With such danger lurking at every corner, and a real genuine fear of losing progress, the flaws in the game's level design are accentuated to a larger degree. The game thrives on trial-and-error, punishing you if you dare to make a mistake. We spent about two days trying to overcome Chapter Two -- a level that's technically about 30 minutes long once you know exactly what to do; but the design is so unintuitive that it took us several times that. Sure, the limited feedback adds to the game's sense of mystery, but there needs to be some kind of direction in the design. Worse still, AMY just doesn't feel logical. We're still not sure why scanning a fire helped us to retrieve the DNA sample we needed to progress in Chapter Two, but it did.
To add to its problems, the game's also extremely finicky. A lot of the gameplay relies on collecting keycards and objects, but you'll need to be positioned perfectly in order to grab them, otherwise they'll just remain a lost part of the scenery.
Combat is similarly clunky, with Lana ill-equipped to handle firearms or projectile weapons. Most enemies you encounter will simply shake off any attacks you attempt, though there are some zombies that can be clubbed to death with a stick. Here you'll need to rely on the luck of the game's collision detection, crossing your fingers and hoping for the best as you desperately bash at the DualShock's face buttons trying to land a strike. The survival horror genre's never been particularly adept at implementing strong combat mechanics, but AMY feels more woolly than usual. There's definitely a way to maintain the tension of being underpowered without making the gameplay frustrating, but AMY certainly doesn't achieve it.
The puzzle elements don't fare much better either.
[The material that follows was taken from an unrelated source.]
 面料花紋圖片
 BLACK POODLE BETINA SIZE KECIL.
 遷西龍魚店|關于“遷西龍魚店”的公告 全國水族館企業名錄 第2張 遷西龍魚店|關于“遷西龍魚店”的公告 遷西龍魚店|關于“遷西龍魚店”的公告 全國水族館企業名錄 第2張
With the gameplay focusing on the relationship between Lana and Amy there was plenty of scope for some interesting co-op scenarios, but AMY seems content with relying on basic puzzles in which you send Amy bundling through holes in order to collect key-cards and, bizarrely, hack computers. Each co-operative puzzle is concluded with a cut-scene close-up of Amy smiling that's more frightening than any of the monsters in the game.
The real puzzle is the game itself. Who thought it would be fun designing a series of levels that essentially rely on repetition and trial and error in order to beat? We know Dark Souls is a hot product at the moment — but even that game has some kind of underlying logic to it. AMY is just baffling.
Perhaps its strongest — and only asset — is the quality of its presentation. For a downloadable game AMY looks pretty good, and it captures a strong atmosphere. The artstyle has a thick European flavour, and while the environments are pretty small, they are generally packed with detail.
Sparse audio motifs add to the tension, with an unnerving crackling sound scoring Lana's transformation into a monster when she's not near Amy. The skulking snorts of the enemies don't come close to capturing the ghoulish babbling of the Shibito in Siren: Blood Curse, but still manage to get your pulse racing as intended.
Unfortunately, the high-quality visual presentation comes at a price, and AMY performs scandalously poorly. The frame-rate is offensively bad — to the point that we're curious how the game even got through QA — and the image is laced with tearing and other inconsistencies.
Given AMY's downloadable intentions and low price-point, the technical issues could probably be overlooked if the core gameplay was of a satisfactory quality. But it's not. The trial-and-error nature of the level design, and the heinous save and checkpoint system make it a game that's infuriating to play. A slew of fundamental design decisions ruin a collection of great ideas, and that's unfortunate. AMY is not a tense game, it's a frustrating one. But what's most disappointing of all is that beneath the shoddy execution, it had real potential.